22nd November 2012

Government money for Local Council Tax Scheme would create £514,000 funding gap

22nd November 2012

Bournemouth's Cabinet has recommended not to accept the Government's offer of additional grant funding to support the delivery of the new Local Council Tax Support Scheme because it would create a budget pressure on 2013/14 of over £½ million.

The scheme is being introduced because the government has cut Council Tax benefit funding to local authorities by 10 per cent from 2013/14, and requires councils to deliver a new system of Council Tax benefit applicable locally, for introduction in April 2013. This will mean that many people of working age are likely to receive no more than 80 per cent Council Tax Benefit, whilst ensuring that pensioners and the most vulnerable continue to be exempt from paying any Council Tax.

Despite cutting the amount of money available to local authorities to provide council tax benefit, the Government wants people to receive no less than 91.5 per cent benefit, and has offered a subsidy to councils, for one year only, to encourage that.

Under that arrangement, Bournemouth Council would receive from the Government £384,000 to meet the 91.5 per cent Council Tax Support level. However, to do this would cost £898,000 a funding gap of £514,000 which would have to be funded by the Council.

Therefore, Cabinet has recommended not to accept the one-off subsidy, and instead to continue with the proposed scheme, as put to the public in a recent consultation. Early indications from the public consultation show that residents do not want the cost of the new scheme to be met by cuts to other Council services or increases to Council Tax.

Councillor John Beesley, Leader of Bournemouth Council, said: In implementing the proposed scheme with a maximum benefit of 80 per cent, we are already facing a shortfall of £775,000 from April 2013. If we accept government's offer of additional funding for one year only this would further increase the shortfall, putting the Council's budget under severe pressure now and in the future which is unacceptable.

We know that this imposed change by government will have a significant detrimental benefit on some of our residents. To help mitigate that, consideration is now being given on how the Council might fund and operate a Local Welfare Assistance Fund from April 2013, to best support the most vulnerable in our community as a result of the Welfare Reform changes and the impact they may have on people.

At the same Cabinet meeting Council Tax exemptions and discount were also considered. As part of the government's support of the Localism agenda, local authorities are now able to set Council tax discount and exemptions and Cabinet has recommended a number of proposed changes:

Charge owners of second homes full Council Tax (owners of second homes currently receive a 10 per cent discount on their Council Tax).

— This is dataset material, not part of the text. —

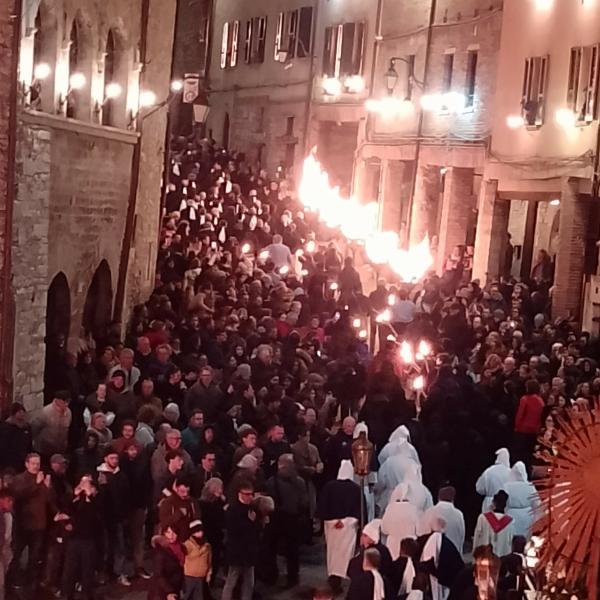 Gli antichi riti della Settimana Santa a Gubbio culmineranno con la Processione del Cristo Morto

Introduce a 50 per cent Council Tax charge for a maximum of 12 months on homes that are empty, unfurnished and under-going major repair work. (currently exempt from paying any Council Tax).

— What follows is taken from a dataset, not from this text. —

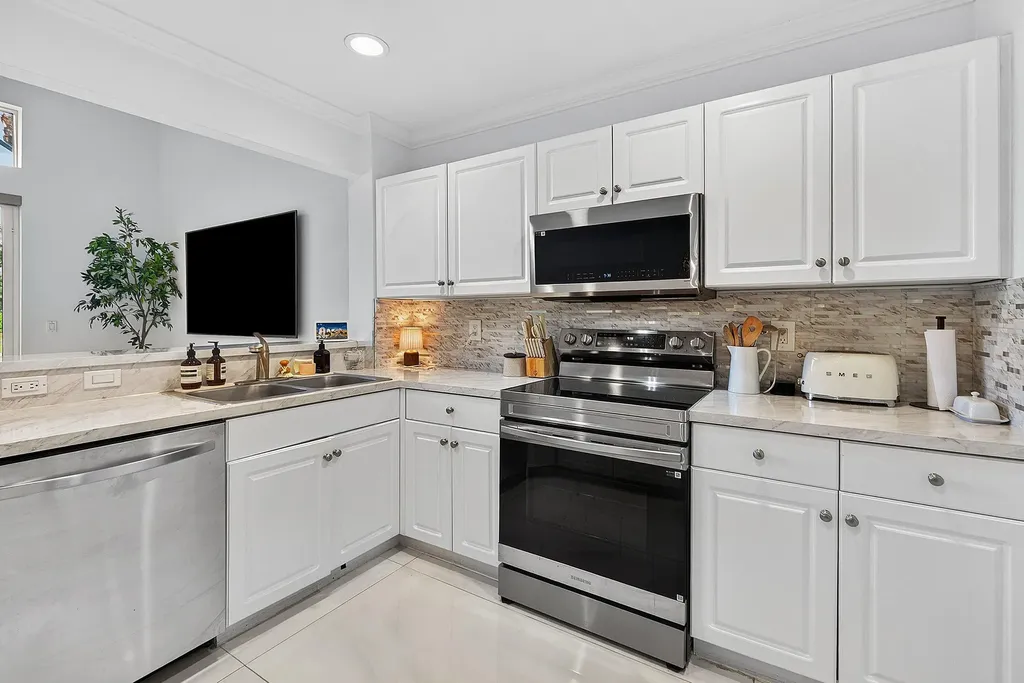 10123 N Military Trail Palm Beach Gardens FL 33410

Owners of empty and unfurnished homes will be exempt from Council Tax for a maximum of three months (currently exempt from Council Tax for up to six months).

Charge a 150 per cent Council Tax on properties that are unoccupied and unfurnished for more than two years (currently the charge is full Council Tax).

The aim behind this approach is to act as a disincentive to maintaining empty properties, and instead encourage property owners to bring empty properties back into use as quickly as possible.

Any revenue raised from the discount and exemption changes will be used to offset the delivery of the Council's Local Council Tax Scheme through the proposed Local Welfare Assistance Fund.

Notes: The Department for Work and Pensions currently provides hardship grants and loans. From April 2013 it will be the responsibility of local authorities to provide a Welfare Assistance Fund for residents.